WHAT IS EXPECTED: Each line of the listing must be transcribed exactly, except for the images, which should be excluded.
·····
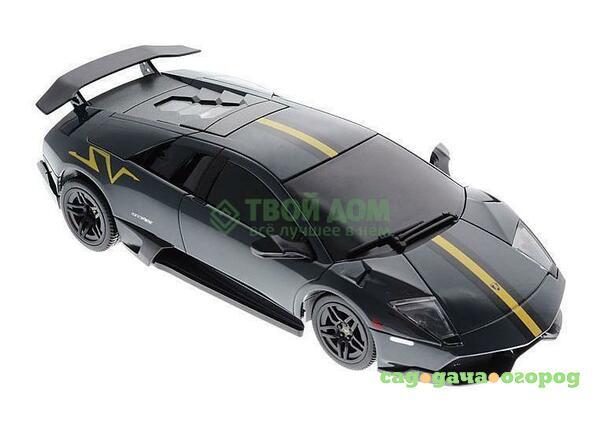 Фото Радиоуправляемая модель Kidztech Lamborghini Murcielago LP 670-4 SV Gray (6618-899A_grey)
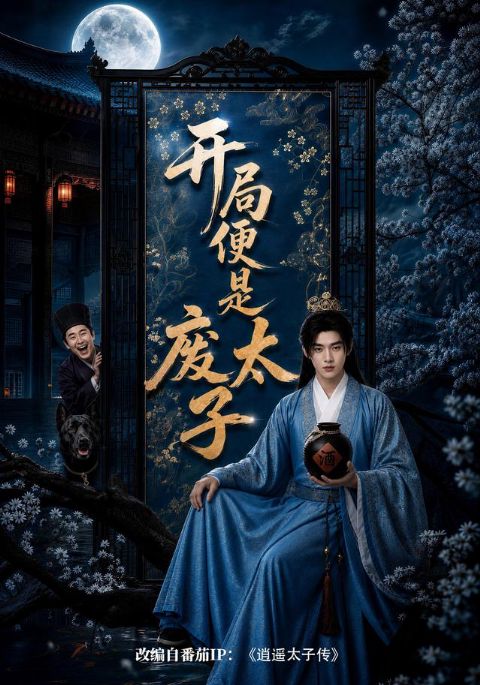 开局便是废太子海报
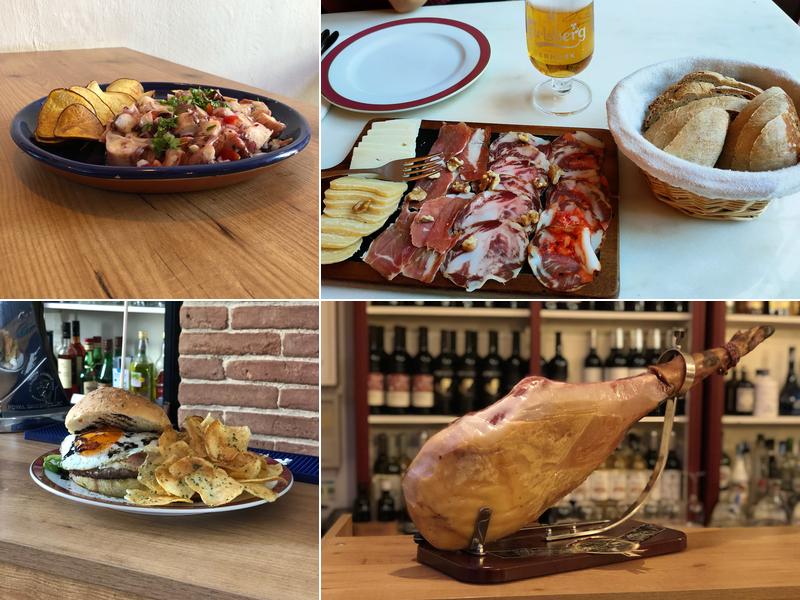 Chafarica Tapas & Wine Bar (Chafarica Vinhos & Petiscos)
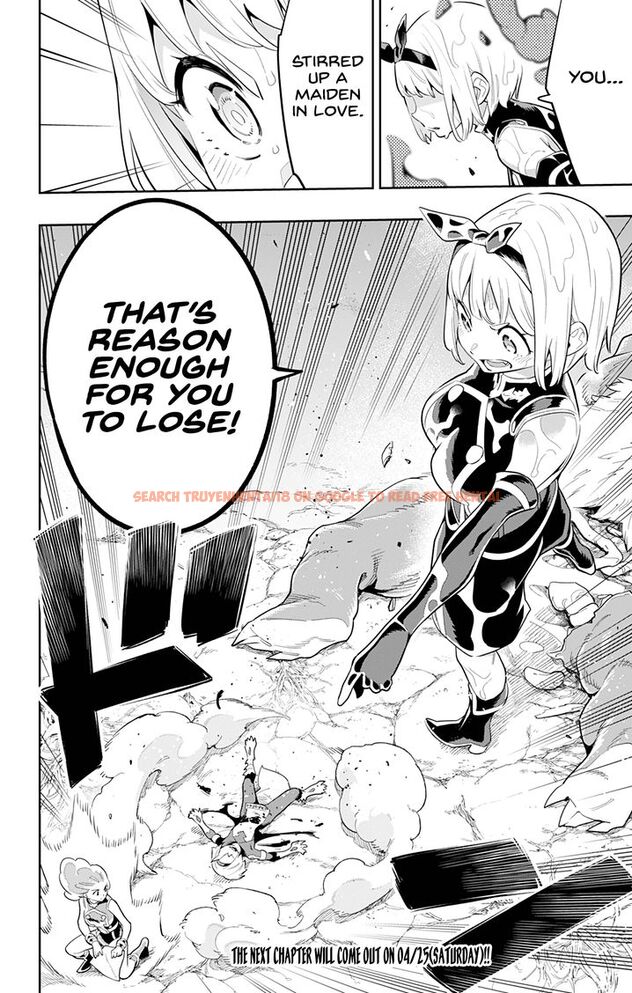 Read Hentai Image 19 831 in comic Mato Seihei No Slave - Chapter 34 - www.hentaitnt.net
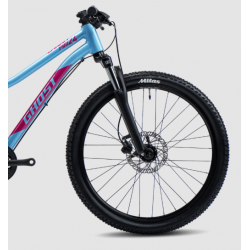 Rower górski GHOST Lanao 24 Pro błękitny / różowy 2024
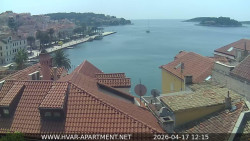 Přístav Hvar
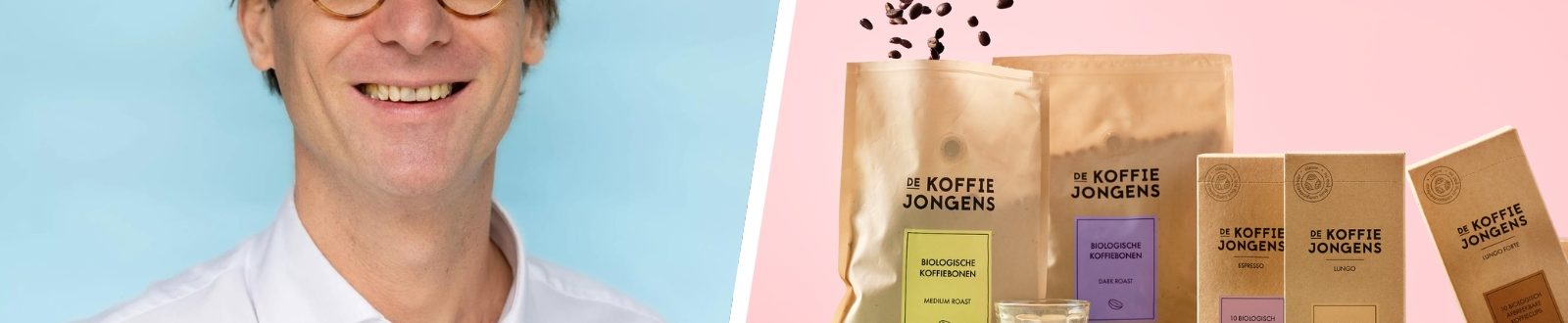 bart dingjan de koffiejongens albert heijn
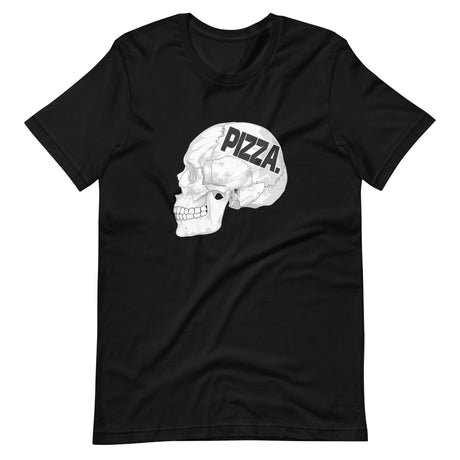 Pizza Brain Shirt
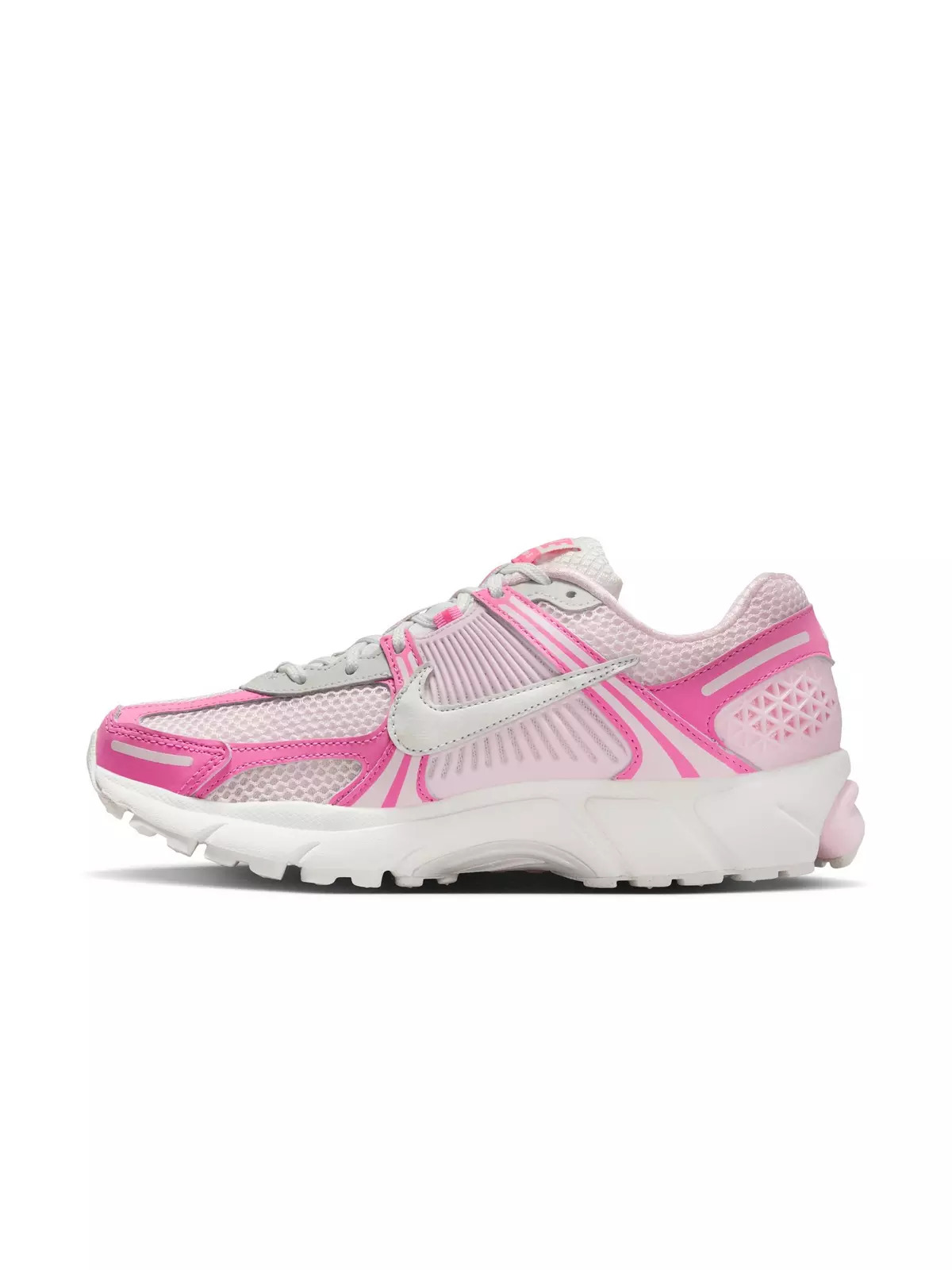 Zoom Vomero 5 "Hyper Pink/Summit White/Pink Foam" Women's Shoe - 4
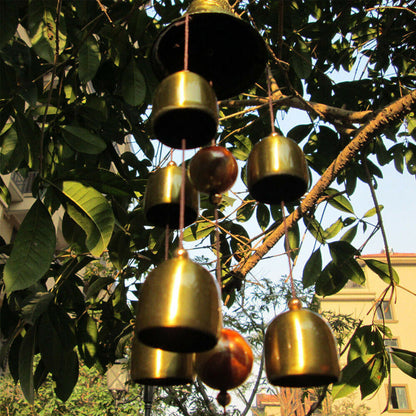 Skorter | Creative Wind Chime Made of Metal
·····
TASK OUTPUT:
 Фото Радиоуправляемая модель Kidztech Lamborghini Murcielago LP 670-4 SV Gray (6618-899A_grey)
 开局便是废太子海报
 Chafarica Tapas & Wine Bar (Chafarica Vinhos & Petiscos)
 Read Hentai Image 19 831 in comic Mato Seihei No Slave - Chapter 34 - www.hentaitnt.net
 Rower górski GHOST Lanao 24 Pro błękitny / różowy 2024
 Přístav Hvar
 bart dingjan de koffiejongens albert heijn
 Pizza Brain Shirt
 Zoom Vomero 5 "Hyper Pink/Summit White/Pink Foam" Women's Shoe - 4
 Skorter | Creative Wind Chime Made of Metal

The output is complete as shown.